◆ **Source material**:
=-=-=

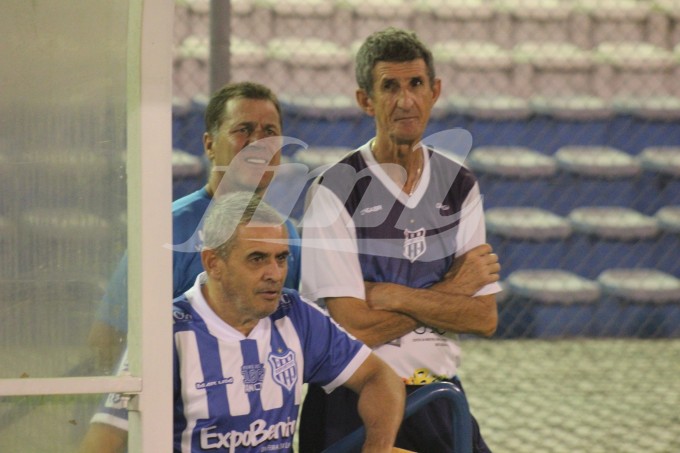 Secretário Edemir companheiro de rouparia, Seu Gerson e, ao lado, Seu Reni, acompanhando o jogo do Esportivo na Divisão de Acesso/Foto: Kévin Sganzerla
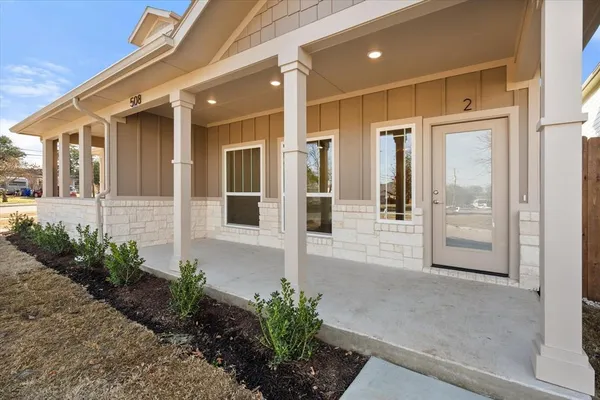 a view of a entryway of the house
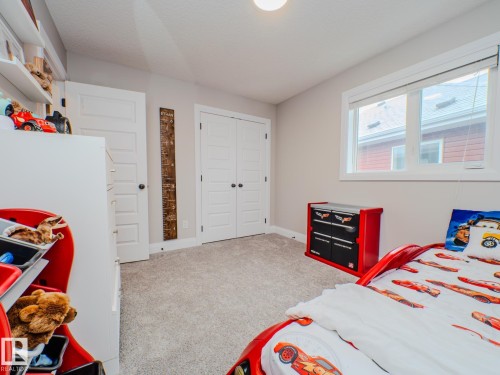 2611 Blue Jay Close, Edmonton, AB - Indoor Photo Showing Bedroom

=-=-=

◆ **Task brief**: What's needed is every line above, retyped exactly and free of pictures.

◆ **Reply**:
 Secretário Edemir companheiro de rouparia, Seu Gerson e, ao lado, Seu Reni, acompanhando o jogo do Esportivo na Divisão de Acesso/Foto: Kévin Sganzerla
 a view of a entryway of the house
 2611 Blue Jay Close, Edmonton, AB - Indoor Photo Showing Bedroom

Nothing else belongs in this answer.